Donald Lamson points to a red and blue maze on a screen at law firm Shearman and Sterling.
“This is a maze,” says Donald Lamson, a partner at Shearman and Sterling. “It’s a metaphor to reflect the complexity that institutions must go through as they encounter an increasingly bewildering array of regulatory requirements they must deal with.”
Banks have until July 21, 2015, to follow one of those requirements, the Volcker Rule.
That is the part of Dodd-Frank Wall Street Reform and Consumer Protection Act that says banks can’t own hedge funds or invest for their own benefit; they have to stick to just helping their customers make money.
“I wrote the first draft,” Lamson recalls, “which was a page and a half.”
It is not, however, a page and a half anymore.
“The final regulation implementing the Volcker Rule has ballooned to several hundred pages of small type in the federal register,” he says. There are hundreds of footnotes, some of them quite detailed.
50…000 SHADES OF GRAY
There are also a great many gray areas and exceptions for when activities are allowed or not allowed, says Mike Konczal, a fellow with the Roosevelt Institute.

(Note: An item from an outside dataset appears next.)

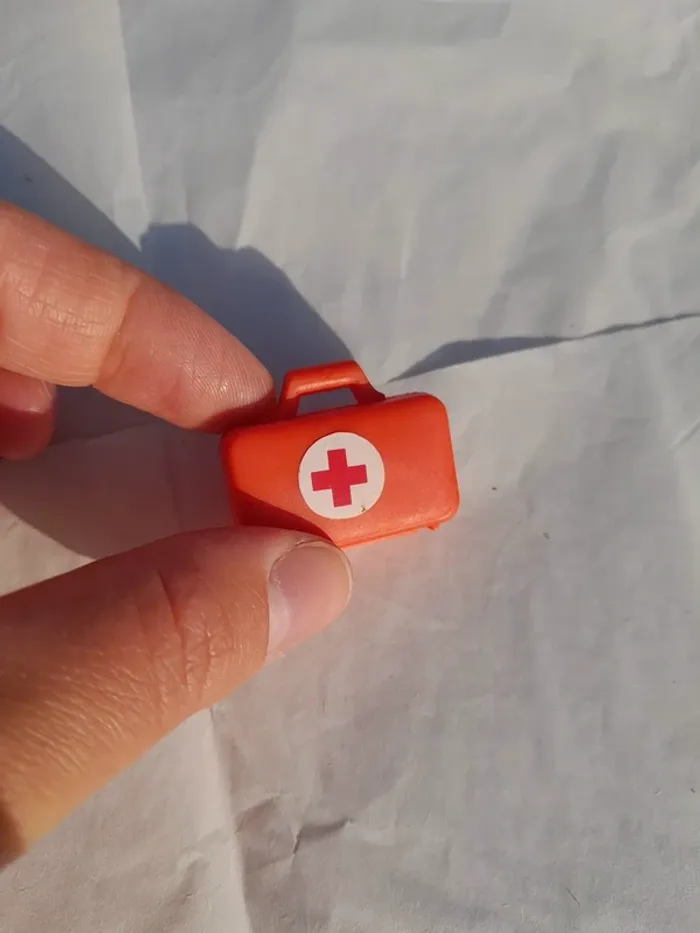 Malette de secours playmobil - photo numéro 2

“Volcker and Dodd-Frank wanted to make sure that banks could still do what we want them to do — interact with clients, do market making, buy and sell things for their clients — and what happens is a lot of that activity kind of blurs with proprietary trading,” he says. Another reason the rules have become complicated is that, simply put, a lot of people have sued. The rules have had to become extra detailed to pass scrutiny.
“These rules from Dodd-Frank have come under extensive criticism in the courts,” says Konczal. “We want that kind of scrutiny it’s important to have it, but it’s become so obsessive and so burdensome that it’s actually made the rules a lot clunkier than they need to be.”
SIRI… YOOHOO…OH, SIRI?
For banks with hundreds of billions of dollars in thousands of different funds, compliance is a massive undertaking. This summer, the Federal Reserve said 11 out of 20 banks totally failed to meet the last big chunk of Dodd-Frank rules, in part because they weren’t thorough enough or made mistakes in their reporting. In some instances, some financial institutions had a 70% error rate according to Robert Marks, CEO of Casewise Financial Solutions and Lamson’s business partner.
Lamson and Marks’ solution: a computer program, called the Volcker Assistant. It is, for all intents and purposes, like a Turbo Tax for banks trying to comply with financial regulations.
Step by step, the software leads Lamson — who would in the real world be likely hundreds of different people across a large company from a fund manager on up to an auditor — through an assessment of which investments pass legal muster and which do not. A lawyer signs off at the end.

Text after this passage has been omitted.